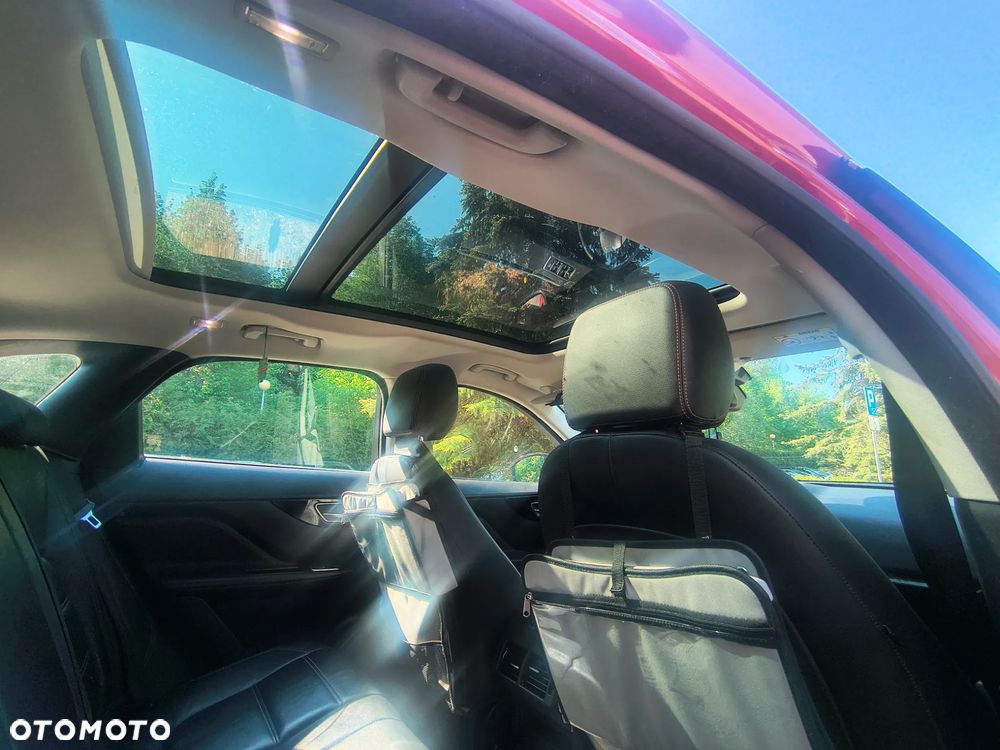 Jaguar F-Pace 20d AWD Portfolio - 23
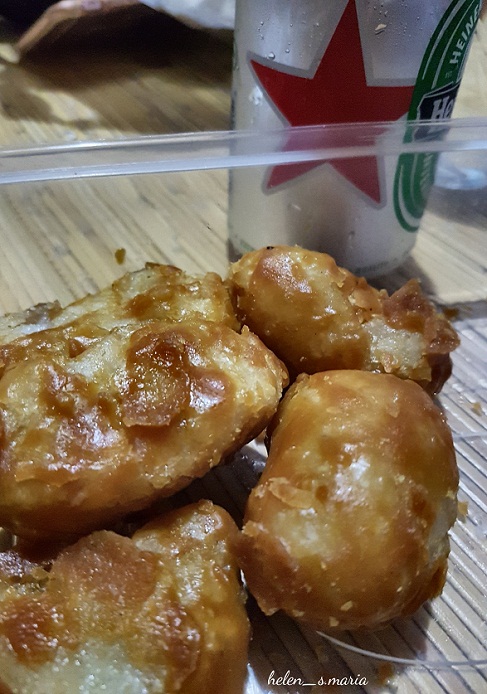 Beer itu enak dipasangkan dengan apapun. Enak banget dengan gemblong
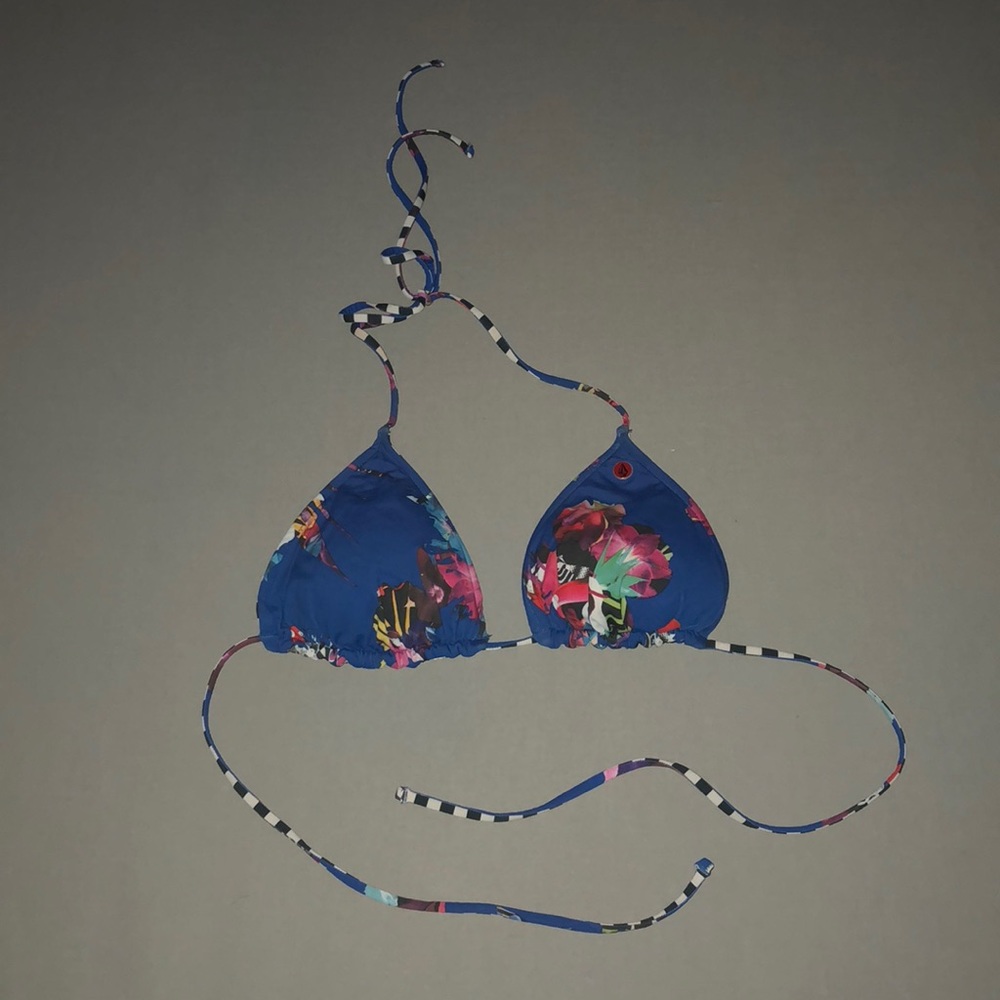 Reversible Volcom bikini - Picture 2 of 4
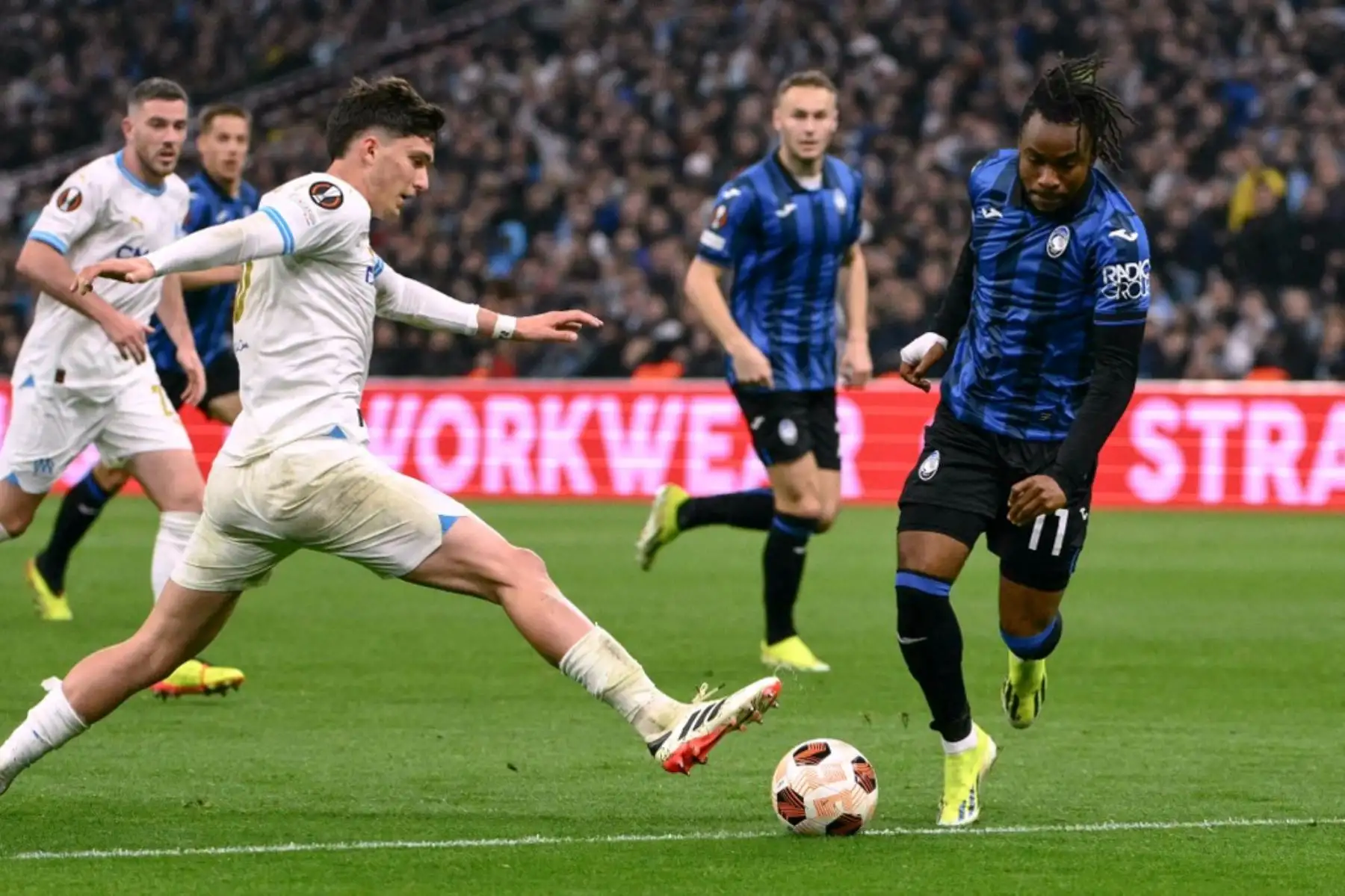 El defensor argentino italiano de Marsella #05 Leonardo Balerdi (3L) y el delantero nigeriano de Atalanta #11 Ademola Lookman (R) luchan por el balón durante el partido de fútbol de ida de semifinales de la UEFA Europa League entre Olympique de Marseille (OM) y Atalanta en el Stade Velódromo de Marsella, sur de Francia, el 2 de mayo de 2024. Foto: AFP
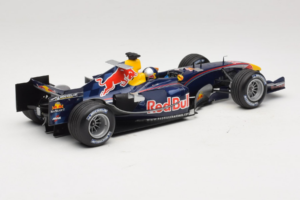 Red Bull RB1 Cosworth #15 C. Klien Red Bull Racing Showcar 2005 Minichamps 1:18 100050085 Метал — снимка 2 от 7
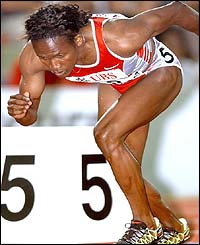 Maria Mutola gets ready to start the 800m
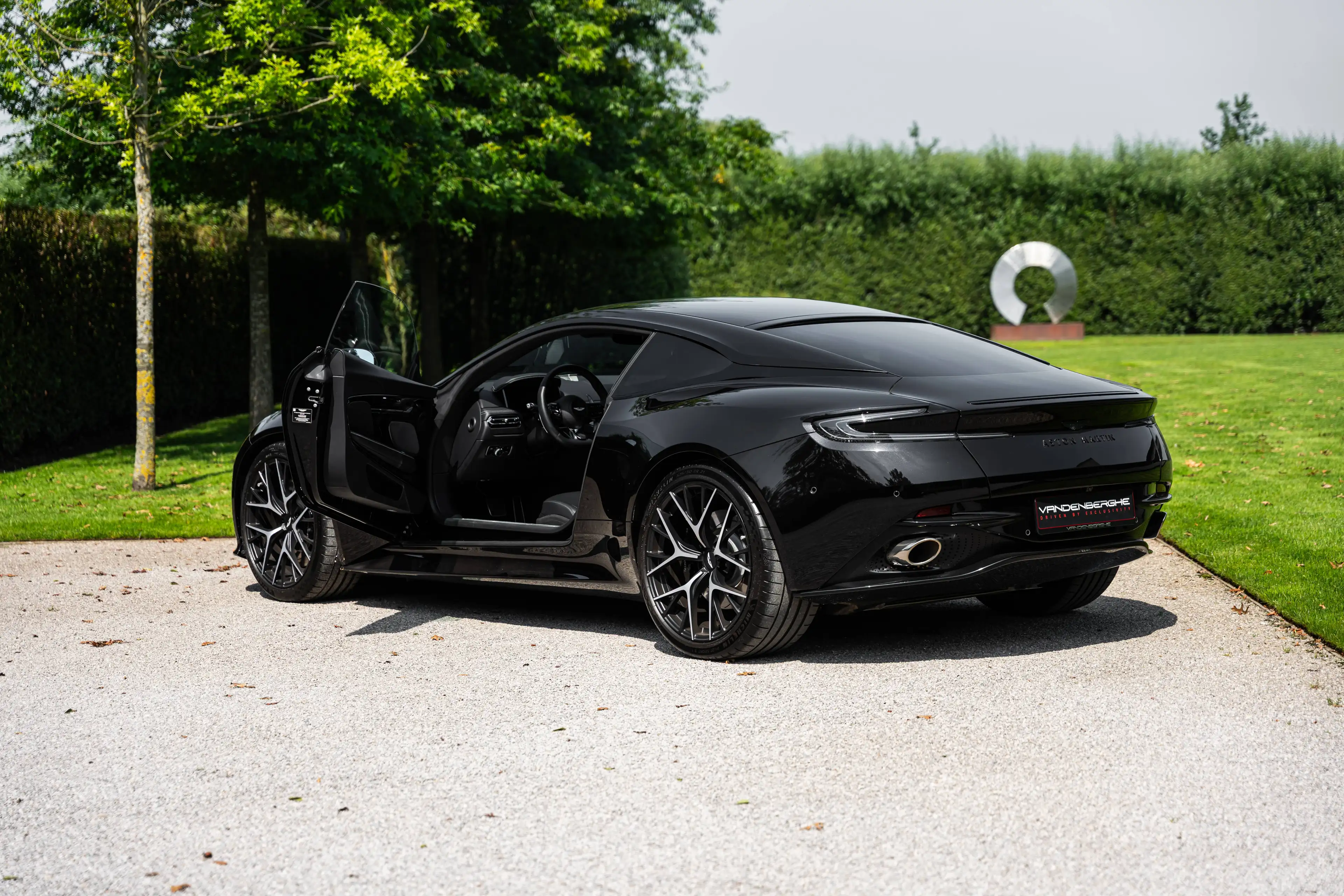 Aston Martin DB12 4.0 V8 COUPE / BOWERS & WILKINS / SEAT VENT / BLACK PACK/ VAT — photo 11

+--

#### [What to produce]
Starting with the line that contains "El defensor argentino" and ending with the last line of the data above, transcribe exactly those lines and no others, without pictures.

#### [Output for this task]
 El defensor argentino italiano de Marsella #05 Leonardo Balerdi (3L) y el delantero nigeriano de Atalanta #11 Ademola Lookman (R) luchan por el balón durante el partido de fútbol de ida de semifinales de la UEFA Europa League entre Olympique de Marseille (OM) y Atalanta en el Stade Velódromo de Marsella, sur de Francia, el 2 de mayo de 2024. Foto: AFP
 Red Bull RB1 Cosworth #15 C. Klien Red Bull Racing Showcar 2005 Minichamps 1:18 100050085 Метал — снимка 2 от 7
 Maria Mutola gets ready to start the 800m
 Aston Martin DB12 4.0 V8 COUPE / BOWERS & WILKINS / SEAT VENT / BLACK PACK/ VAT — photo 11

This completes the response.